1 一般職の職員の給与に関する法律等の一部を改正する法律案 内閣官房
2 特別職の職員の給与に関する法律等の一部を改正する法律案 内閣官房
3 国家公務員の育児休業等に関する法律の一部を改正する法律案 内閣官房
4 情報通信技術を活用した行政の推進等に関する法律の一部を改正する法律案 デジタル庁
5 地方交付税法及び特別会計に関する法律の一部を改正する法律案 総務省
6 地方公務員の育児休業等に関する法律の一部を改正する法律案 総務省
7 裁判官の報酬等に関する法律の一部を改正する法律案 法務省
8 検察官の俸給等に関する法律の一部を改正する法律案 法務省
9 防衛省の職員の給与等に関する法律の一部を改正する法律案 防衛省

 

(デジタル手続法の改正法案の審議経過)

 デジタル手続法の改正法案については、衆議院で12月19日に可決された後、参議院の地方創生及びデジタル社会の形成等に関する特別委員会(地・デジ特委)の審議(12月23日)を経て、24日に本会議で可決・成立しました。

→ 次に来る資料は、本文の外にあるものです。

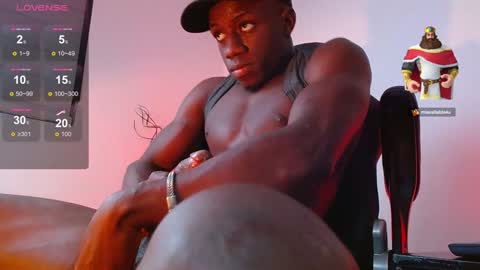 Mylo Wallace  online show from 01-20-25, 06:21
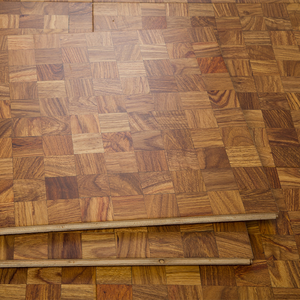 Piso de Parquet Multicapa de Padauk de Grado AB de 14 mm y 15 mm, Personalizable, Duradero, Liso, Sin Formaldehído, para Hoteles de Lujo - Product Image 2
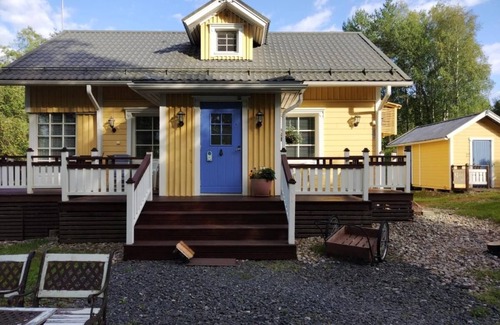 Kannus Villa | Relaxing villa with a view to the Lestijoki river. Has sauna for enjoyment!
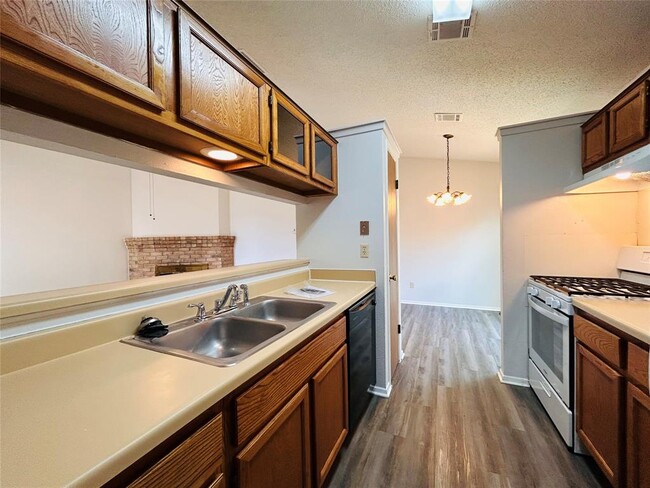 Photo - 416 Greenlawn Blvd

 参議院のHPからの抜粋ですが、地・デジ特委では、以下のような質疑が行われたようです。

【主な質疑項目】
古賀之士 君(立憲)
・ガバメントクラウド利用料を円建て払いとするための交渉の必要性
・ガバメントクラウド上の個人情報の海外流出の可能性と防護措置
・ガバメントクラウドの経済性と運用経費等の削減に向けた対策
片山大介 君(維新)
特殊法人等のガバメントクラウドへの移行の見通し及び利用検討の努力義務の適用
クラウドサービス事業者の競争維持及びクラウドロックイン回避のための施策
・ガバメントクラウド先行事業でコスト高となった要因とシステムのモダン化による効果
礒崎哲史 君(民主)
・ガバメントクラウドへの移行を推進する上での目標設定
・経済安全保障の観点からのガバメントクラウドへの国内事業者参入の必要性及びその支援策
・海外事業者のクラウドサービスに公的機関が依存することのリスク
伊藤 岳 君(共産)
・標準準拠システムへの移行が困難なシステムを有する地方公共団体数の見通し
地方公共団体の情報システム標準化に対する支援の在り方
地方公共団体に対し共通SaaSの利用を推奨することが地方公共団体独自の取組を阻害することにつながる懸念

 ガバメントクラウドの対象となるクラウドサービスは、デジタル庁で決定していますが、現時点では、海外製のものしか対象となっていないため、そのことに起因する懸念点などが主に確認されているのかな、、という印象を持ちました。。単なる感想ですが。

 ちなみに、ガバメントクラウドの対象となるクラウドサービスは以下のとおりとなっています。

(令和4年度募集分)
Amazon Web Services
Google Cloud(※)
Microsoft Azure
Oracle Cloud Infrastructure

(令和5年度新規募集分)
さくらのクラウド(※2025年度末までに全ての要件を満たす条件付き)

 とりあえず、無事に改正が間に合ってよかったです。改正内容や衆議院での審議状況は、改めて確認しようと思います。